U.K. Finance Minister Nadhum Zahawi introduced the much-discussed Financial Services and Markets Bill to Parliament on Wednesday, containing provisions explicitly designed to address the use of digital assets, including stablecoins.
The bill would further integrate definitions for digital assets and digital asset service providers into existing financial legislation. For example, it introduces a definition of “digital settlement asset” into multiple pieces of enacted legislation:
“Digital settlement asset means a digital representation of value or rights, whether or not cryptographically secured, that:
- Can be used for the settlement of payment obligations
- Can be transferred, stored, or traded electronically, and
- Uses technology supporting the recording or storage of data (which may include distributed ledger technology)
One practical consequence of this is that the Treasury would have the power to designate any ‘digital settlement asset’ as a recognized payment system, bringing it within regulatory oversight of the Bank of England (BoE)—but only if any deficiencies in that service would be likely to threaten the stability of the U.K. financial system or have other serious consequences for businesses “or other interests throughout the United Kingdom.”
For context, other systems designated as recognized payment systems include Bacs, CLS, and ICE.
These changes are chiefly designed to build a path for stablecoins to be regulated for use as payment in the U.K. A press release alongside the Bill reads:
“To ensure the U.K remains at the forefront of new technologies and innovations, the Bill will enable certain types of stablecoins to be regulated as a form of payment in the U.K.”
The bill also enables the creation of Financial Markets Infrastructure Sandboxes to test new technologies for use in financial markets.
Though the bill was introduced without much comment in Parliament, Zahawi gave a speech to Mansion House on Tuesday, discussing the bill’s aims.

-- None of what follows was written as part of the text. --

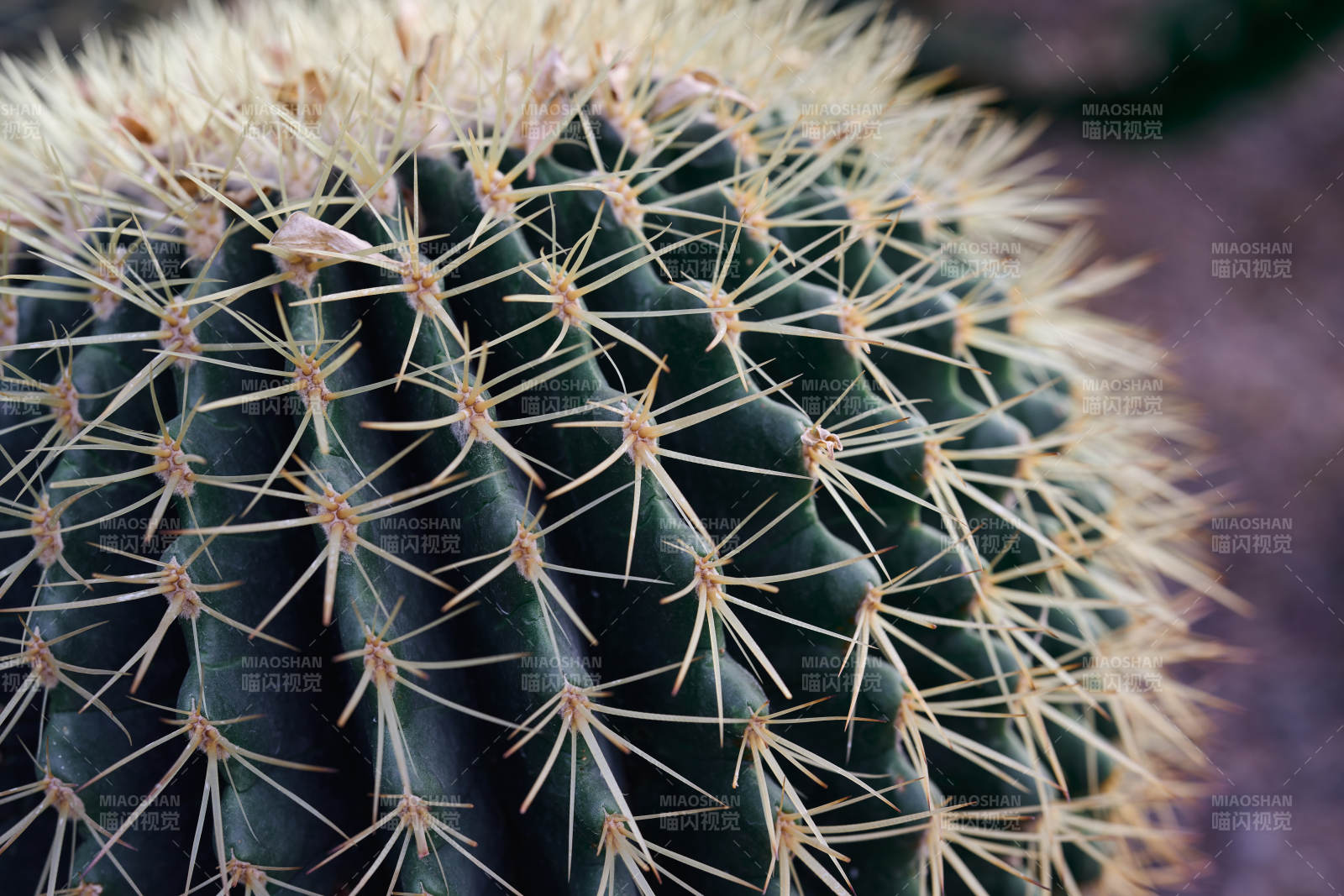 金琥仙人球特寫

“[The bill is] a landmark piece of legislation that gives us the tools we need to seize the opportunities and create a safer, better system for consumers,” he said.
“It reinforces the U.K.’s position as a leading centre for technology as we safely adopt crypto assets,” the finance minister added.
The government has promised new rules around stablecoins as early as last year. The Deputy Bank of England Governor confirmed in a speech at the Qatar Centre for Global Banking and Finance’s annual conference that stablecoin legislation would be introduced before the August parliamentary break. The Bill’s stablecoin provisions are expected to set standards for using stablecoins as means of payment, rules around how stablecoins can be marketed, and other investor protections.
The bill is one prong of the U.K.’s legislative divorce from the European Union (EU) after Brexit and is intended to repeal “hundreds” of retained EU laws, according to Zahawi. As the government looks at what EU legal infrastructure might be replaced with, it has made clear that it intends to bring about another “Big Bang” for London, referring to a sudden period of deregulation which took place in the U.K.’s capital in the 80s.
However, the move by Zahawi is contentious. The U.K. government is in the midst of a tumultuous leadership contest following the unceremonious ousting of Prime Minister Boris Johnson earlier this month, an ousting which itself led to Zahawi taking over as a caretaker Chancellor.
It has a long road ahead before it has a shot at becoming law. The Financial Services and Markets Bill will be debated, scrutinized, and amended by the House of Commons and the House of Lords before being put forward for final assent—if it survives that far.